1. Narrow HTTPS Egress For One CIDR

This allows one source CIDR to reach one HTTPS destination and denies everything else.

{
  "mode": "enforce",
  "name": "office-egress",
  "policy": {
    "default_policy": "deny",
    "source_groups": [
      {
        "id": "branch-office",
        "sources": {
          "cidrs": ["10.10.0.0/16"]
        },
        "default_action": "deny",
        "rules": [
          {
            "id": "allow-web",
            "action": "allow",
            "match": {
              "dst_ips": ["203.0.113.10"],
              "proto": "tcp",
              "dst_ports": [443]
            }
          }
        ]
      }
    ]
  }
}

Use this as the safest first policy pattern: explicit sources, explicit destination, deny fallbacks.

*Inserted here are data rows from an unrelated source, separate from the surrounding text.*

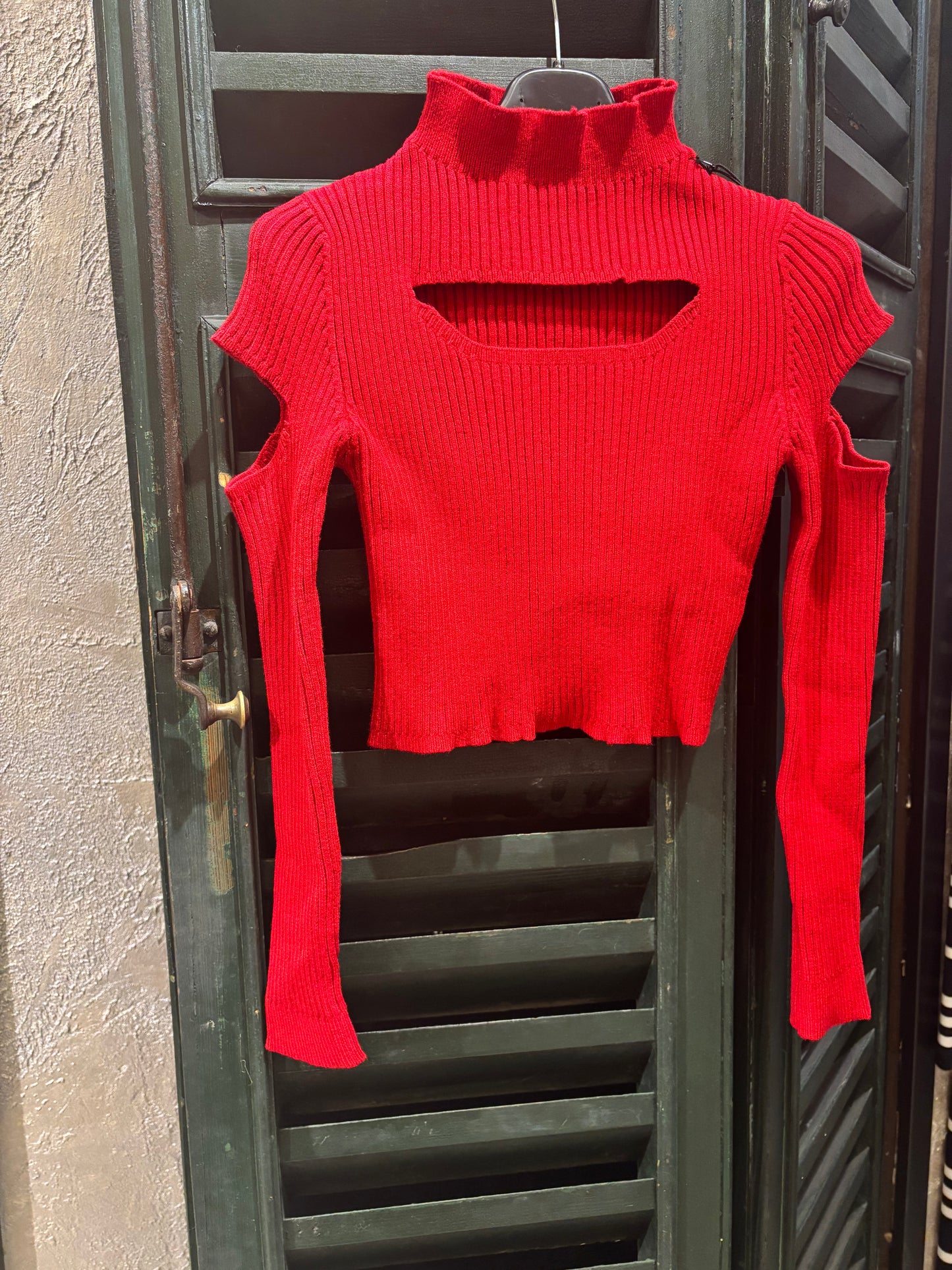 Maglia corta con aperture After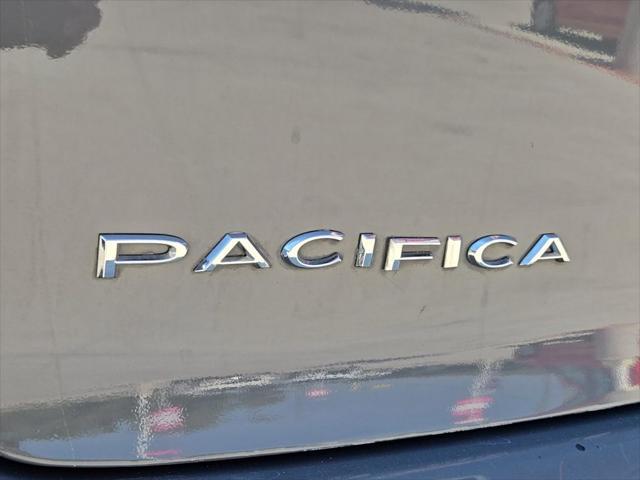 used 2022 Chrysler Pacifica Hybrid car, priced at $21,998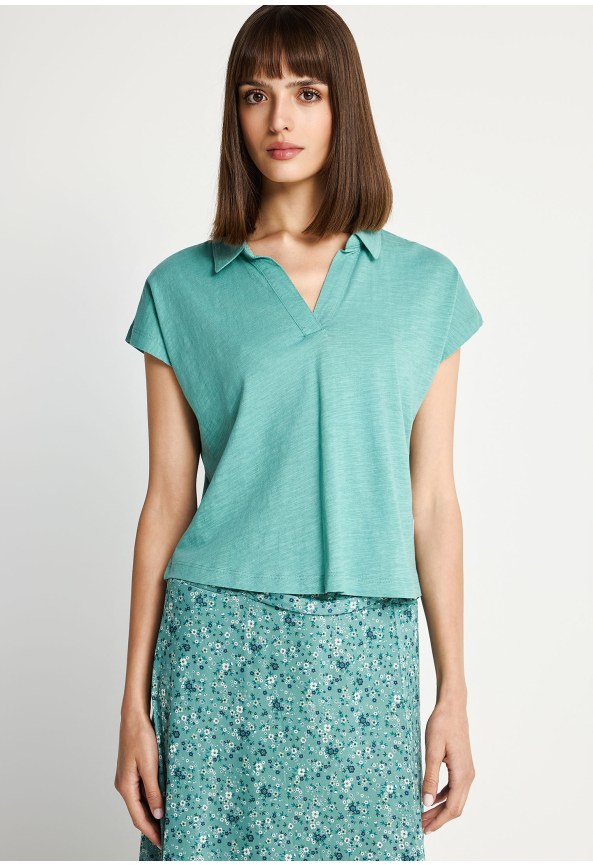 Collared neck women's t-shirt -The basics collection
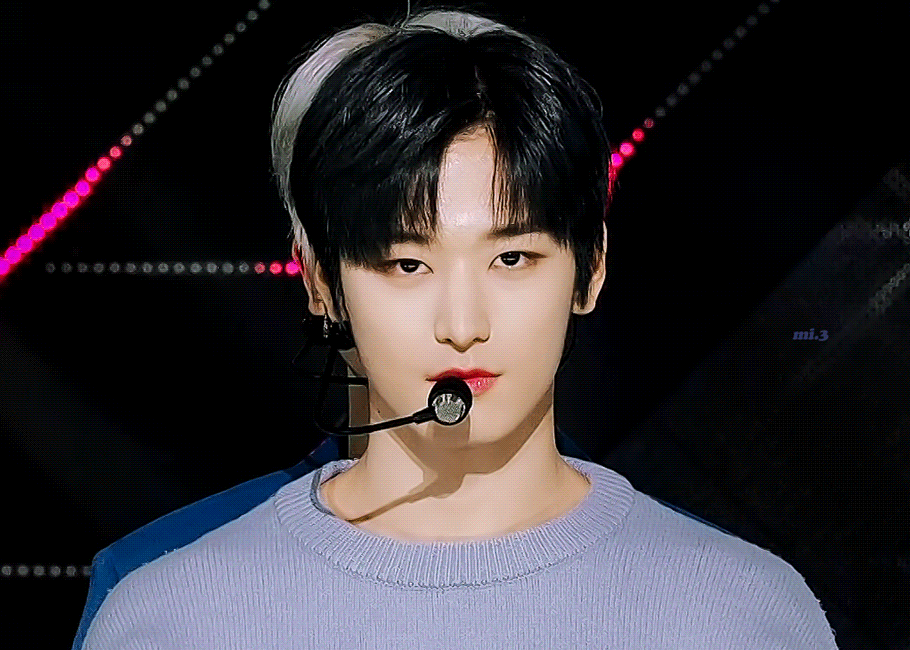 얜 진짜 연기 한 번 해야 한다.. 연기 안하기엔 아까운 페이스.. | 인스티즈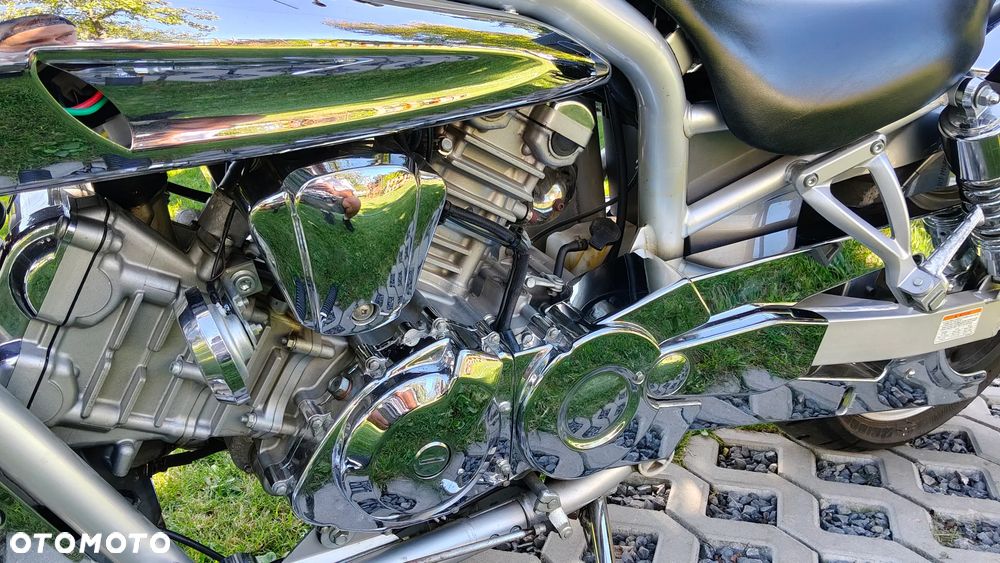 Hyosung GV - 13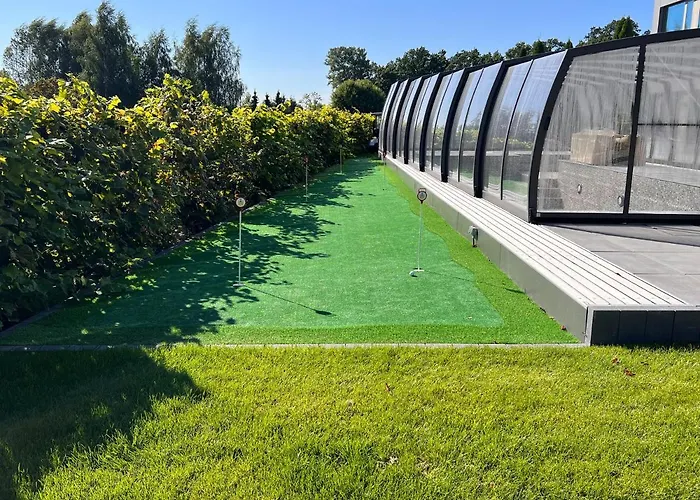Ledowohouse Industrial Own Golf Course, Kids Friendly *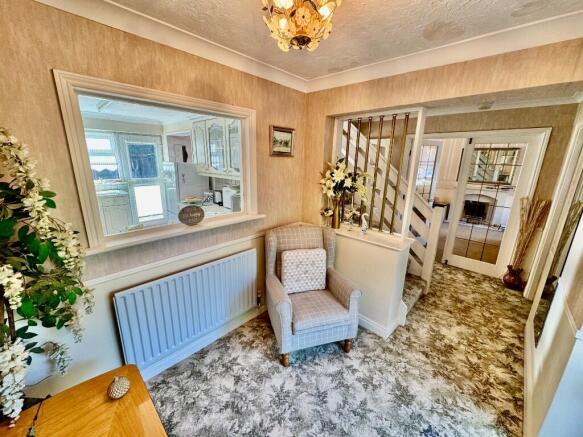 Catlow Close, NN9 photo 4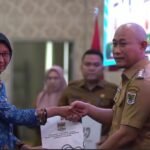 Walikota Lubuk Linggau H. Rachmat Hidayat didampingi Wakil Walikota Lubuk Linggau H. Rustam Effendi Menyerahkan SK Pelantikan CPNS menjadi PNS dan PPPK tahap II di Cinema hall Lantai 5 Kantor Walikota Lubuk Linggau, senin 29/09/2025. Foto Diskominfo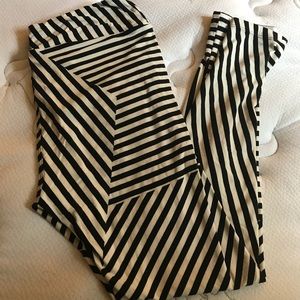 TC LuLaRoe leggings
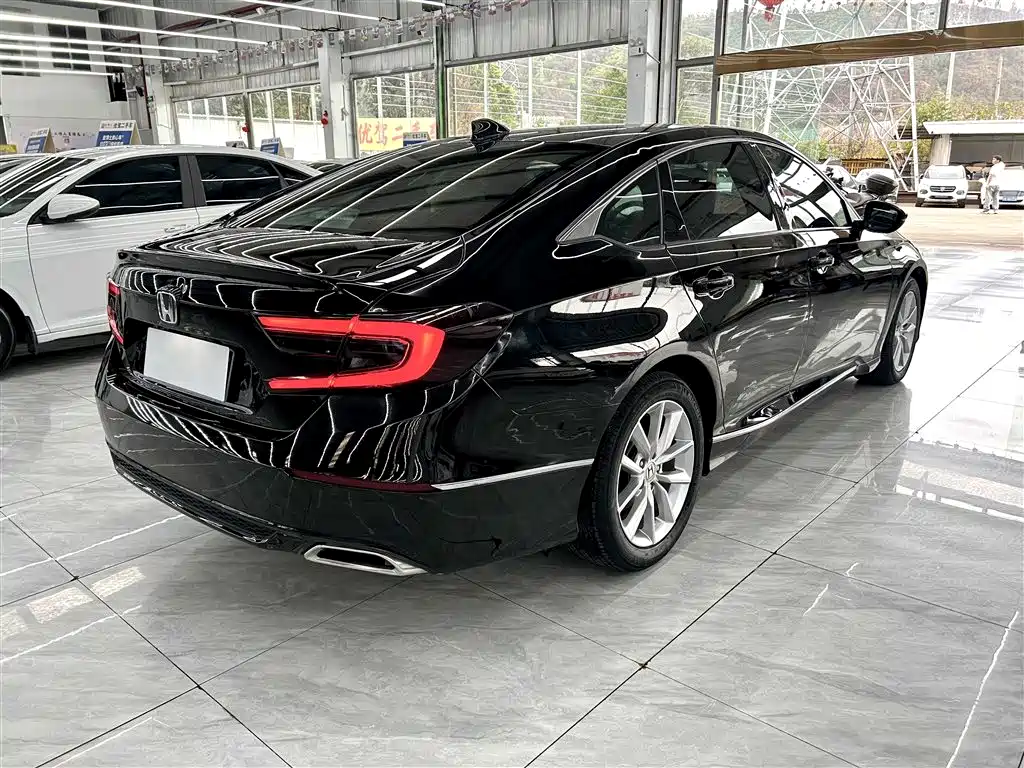 Honda Accord 2023 — фото 6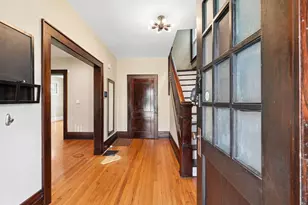 1639 E Granville St, Columbus, OH 43203 - Photo 5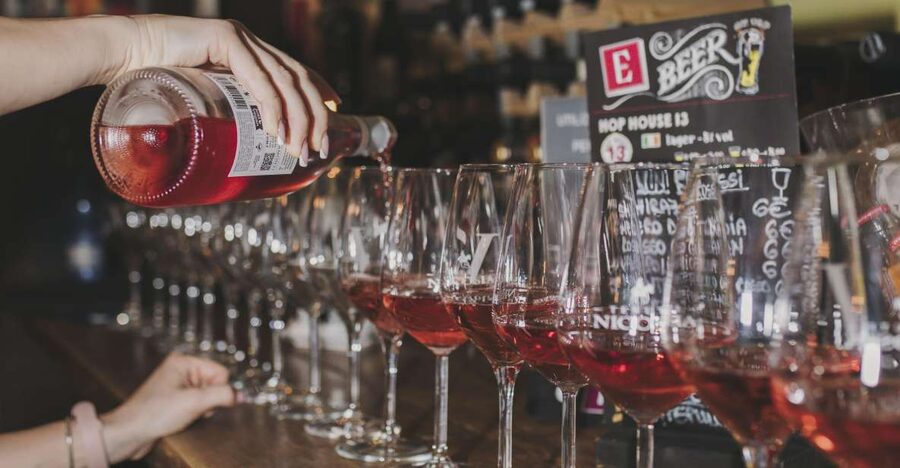 Rome: Trastevere Wine Tasting with Food Pairing and Gelato - Where the tour starts, and what that tells you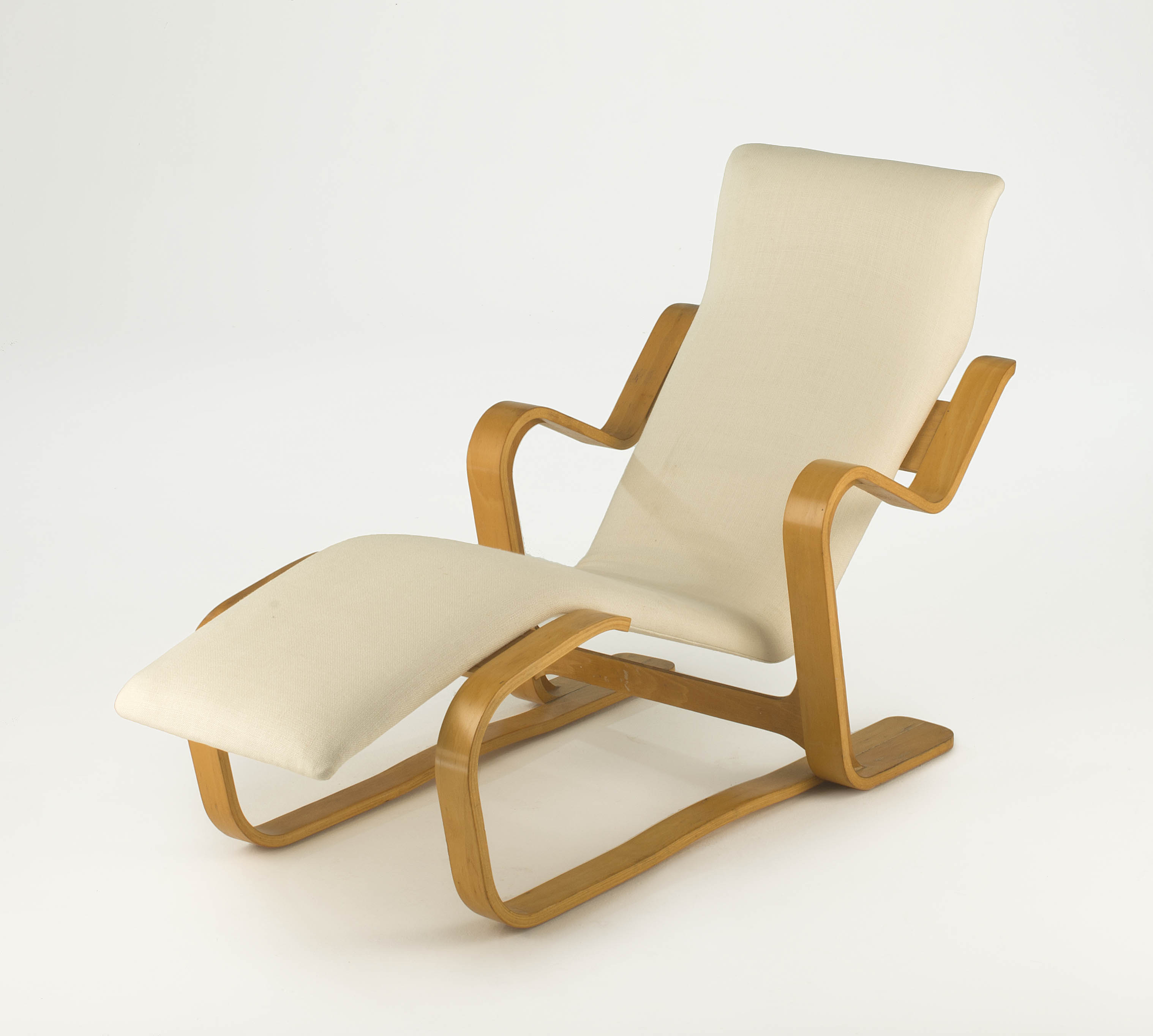 A Marcel Breuer Isokon chaize lounge chair for Knoll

2. Hostname-Based Policy For One Source Group

This pattern shows the important hostname-policy rule: the Neuwerk needs explicit DNS allow rules, not just packet allow rules.

{
  "mode": "enforce",
  "name": "hostname-egress",
  "policy": {
    "default_policy": "deny",
    "source_groups": [
      {
        "id": "office-users",
        "sources": {
          "cidrs": ["10.20.0.0/16"]
        },
        "default_action": "deny",
        "rules": [
          {
            "id": "allow-example-dns",
            "action": "allow",
            "match": {
              "dns_hostname": "^api\\.example\\.com$"
            }
          },
          {
            "id": "allow-example-https",
            "action": "allow",
            "match": {
              "proto": "tcp",
              "dst_ports": [443]
            }
          }
        ]
      }
    ]
  }
}

Warning: packet policy alone does not grant hostname access. The DNS rule is what lets the Neuwerk resolve and allowlist the destination IP.

3. Audit-First Rollout

Use the same policy logic you intend to enforce, but start at the top level in audit mode.

{
  "mode": "audit",
  "name": "candidate-policy",
  "policy": {
    "default_policy": "deny",
    "source_groups": [
      {
        "id": "test-scope",
        "sources": {
          "cidrs": ["10.30.0.0/24"]
        },
        "default_action": "deny",
        "rules": [
          {
            "id": "allow-https",
            "action": "allow",
            "match": {
              "proto": "tcp",
              "dst_ports": [443]
            }
          }
        ]
      }
    ]
  }
}

After reviewing the audit evidence, promote the same policy to mode: "enforce".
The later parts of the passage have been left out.